N/A: Olá! ToT Como vão? Estou aqui com o terceiro capítulo de Ma Petite Amie. Ele não foi revisado (então, ignorem os erros), embora ele esteje completo há um mês... O encontro não ficou do jeito que eu queria e tenho quase certeza que irei reescreve-lo. Peço que mesmo que não gostem do capítulo, deixem reviews falando, assim saberei o que tenho que mudar, não é mesmo? Eu ainda não tenho nada escrito do quarto capítulo, mas eu farei o impossível para que ele esteje postado no dia seis de dezembro. Até a nota final do capítulo. XD Boa leitura!
Capítulo três:
Encontros
(Capítulo escrito ao som de Hadashi no Mirai - Arashi)
Se no teto de seu quarto tivesse estrelas ou alguma coisa do tipo, Sesshoumaru já saberia exatamente quantas e qual era posição de cada uma, com latitude se fosse preciso. E... Era necessário dizer que estava entediado?
O youkai se encontrava vestido para um dia normal de trabalho, mas assim que sua "querida" madrasta o vira, antes das sete da manhã na sala de jantar, onde faziam todas as refeições, o mandara de volta para o quarto.
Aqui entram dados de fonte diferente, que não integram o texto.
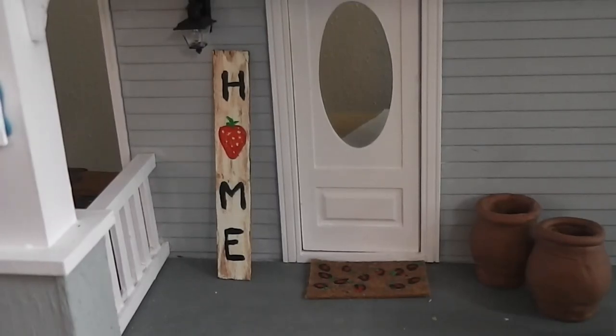Join me today as we make a strawberry themed front porch sign for the dollhouse. Stay tuned and see how fun and easy this project is.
Alegando que ele estava de folga e poderia dormir até tarde. Rodou os olhos, para Izayoi "folga" era sinônimo de "suspensão".
Suspirou levantando-se, deveria ser umas dez horas... Quase se jogou nela novamente, não tinha nada o que fazer! Nem para onde ir, afinal era quarta-feira! Ele teria, tirando hoje, mais dois longos dias sem trabalhar! Isso o deixava... Aterrorizado! Estava tão acostumado a entrar no trabalho às oito horas, ficar trancado no escritório até às quatro (quando parava apenas para tomar uma xícara de café) e só saia da empresa quando o porteiro, lhe interfonava, perguntando se queria que deixasse uma chave com ele. Mas como era muito estressante fechar tudo e ainda ligar todos os alarmes entre outros, ia emborajunto com Jyaken quese estressava com tantos botões azuis, verdes, vermelhos... Mas, isso era a sua rotina! Quebrá-la, assim, de repente, fazia-o parecer um velho estressado que necessitava urgentemente de folga!
Não, ele não era velho! Youkais não ficam velhos! Isso é coisa ridiculamente, pateticamente típica de humanos! E! Ele não estava estressado!Por Kami! Sesshoumaru Inokuma estressado? Ridículo! Sem perceber, já estava parado em frente ao espelho analisando o seu rosto. E ele estava com a mesma cara de sempre, as mesmas olheiras de sempre...
Olheiras? Ele, com olheiras? Impossível! Analisou as marcas marrons abaixo de seus orbes dourados... Oh! Ele, ele! Ele estava com olheiras! Não que ele fosse vaidoso, mas ele se cuidava!
Depois de algum tempo, reparou em murmúrios vindos do andar de baixo, mais precisamente do escritório. Ele fechou os olhos, elaestava de novo em sua casa... Perguntava-se o que elas tanto conversavam... Bem, devia ser fofoca, já que uma vez, ele escutara sem querer Rin falando sobre uma mulher ser muito alta para ele, e outra ser muito gorda. Suspirou, o que as mulheres conversavam por horas além de meter o pau nas amigas, inimigas e nos homens?
Sesshoumaru só percebeu que havia algo errado nas duas humanas quando o convidaram para ir ao shopping com elas e teve certeza quando Izayoi sumiu e uma mulher que tinha idade para ser sua avó começou a falar com ele, assim que passaram em frente a uma fonte.
- Olá! - Cumprimentou-o, ficando bem perto, tinha um sorriso bobo nos lábios, mas em seus olhos havia um olhar malicioso. Ele afastou-se arqueando a sobrancelha no processo. - Nossa... Não sabia que você era tímido... Mas, tudo bem. Eu farei com que fique extrovertido. - A malícia passou para os lábios enquanto" analisava-o". - Arregalou os orbes dourados, aquela velha, definitivamente era doida!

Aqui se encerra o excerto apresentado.